Here’s how I store my beads – in mini jewelry ziplock bags, and then sorted by color into plastic storage boxes on a bookshelf:

Bead storage idea - sorted by color in stackable storage containers - Rena Klingenberg

(These boxes don’t actually lean like the Tower of Pisa!)

I typed up the bead-color labels on my computer, printed them, and attached them to the front of these boxes with wide, clear packing tape.

These rectangular plastic storage boxes measure about 8″ x 12″ x 3.5″.

I can easily bring whichever bead color box(es) I need, to wherever I’m going to work.

Storing Other Jewelry Supplies:

For all of my other jewelry-making odds and ends, I use four more of these plastic drawer units, on a shelf just above my bead boxes:

Storing and organizing jewelry supplies - Rena Klingenberg

These drawers hold things like chains, mini jewelry frames, charms, washers, steampunk / hardware components, cancelled postage stamps, shrinky plastic sheets, cabochons, my handmade jewelry findings / components, my various sizes of jewelry ziplock bags, etc.

And again, by sorting these things into drawers, I can pull out only the drawer(s) I need.

You should be able to find plastic drawers and boxes similar to mine at dollar stores, thrift stores, and Walmart / Target type of stores.

Storing Jewelry Supplies and Tools, by Rena Klingenberg, Jewelry Making Journal

Cleanup is Fast!

That’s the other thing that suits me about storing my jewelry supplies this way – it’s so easy to get my jewelry-making mess cleaned up and put away.

Everything goes back easily into its proper drawer (or bead box) that I’ve carried to my workspace.

And from there it’s only a few seconds until each drawer or box is back in its regular storage place.

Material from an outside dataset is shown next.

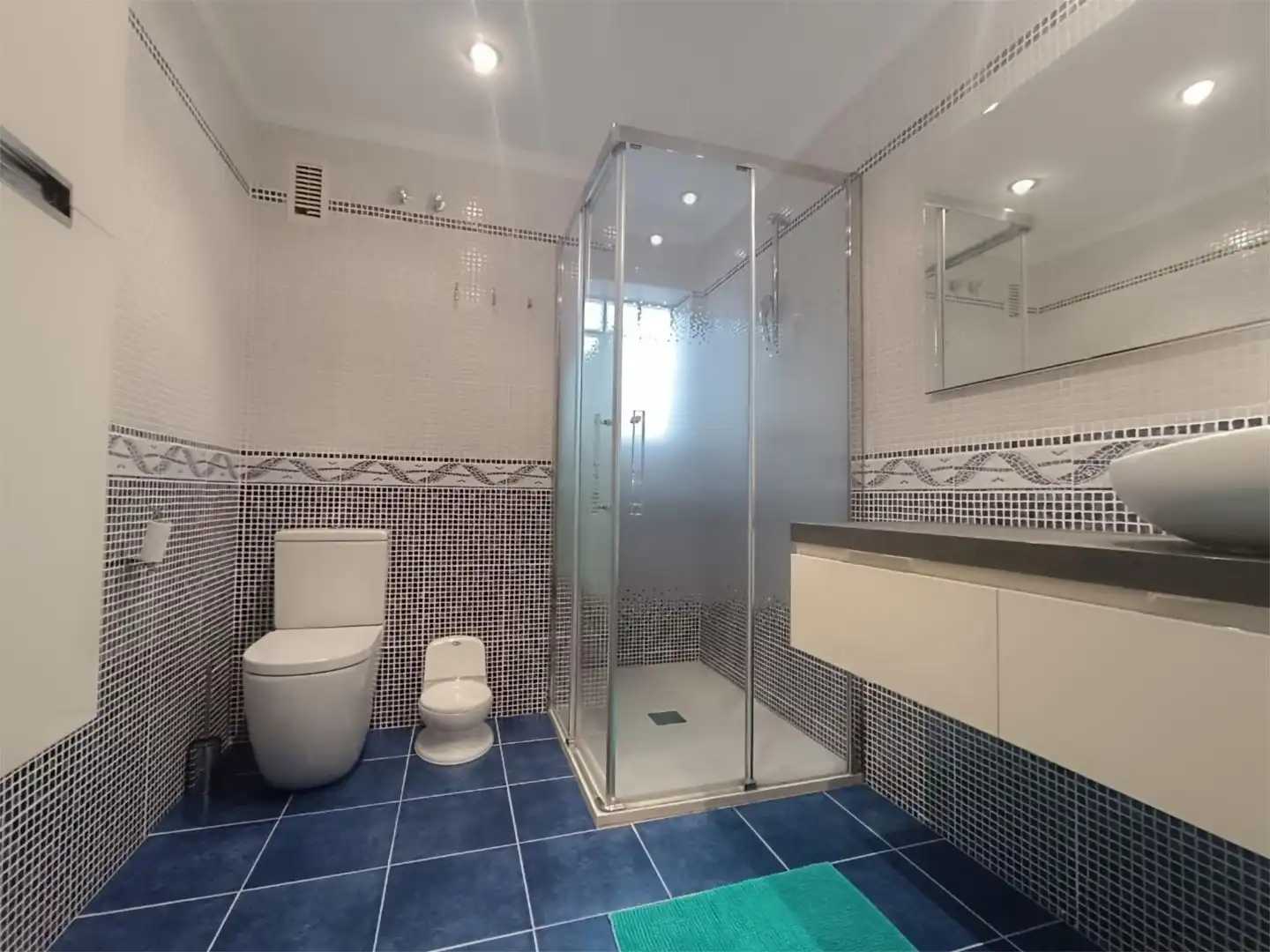 Detached homes for sale in Carrer del Poeta Llombart, 8, Centro Puerto Bathroom of Detached homes for sale in Sagunto / Sagunt with Air Conditioner, Terrace and Balcony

If my jewelry project is unfinished, it just stays in its tray, which I stack up on the top shelf of my jewelry closet till the next session!

If you have several unfinished jewelry projects in progress, each can live in its own tray, neatly stacked up.

If you’ve made several pieces of jewelry, you can store the finished pieces in one of your stacked jewelry trays, with the jewelry between layers of no-tarnish silvercloth (available at fabric stores), until you’re ready to clean and/or tumble a batch of them.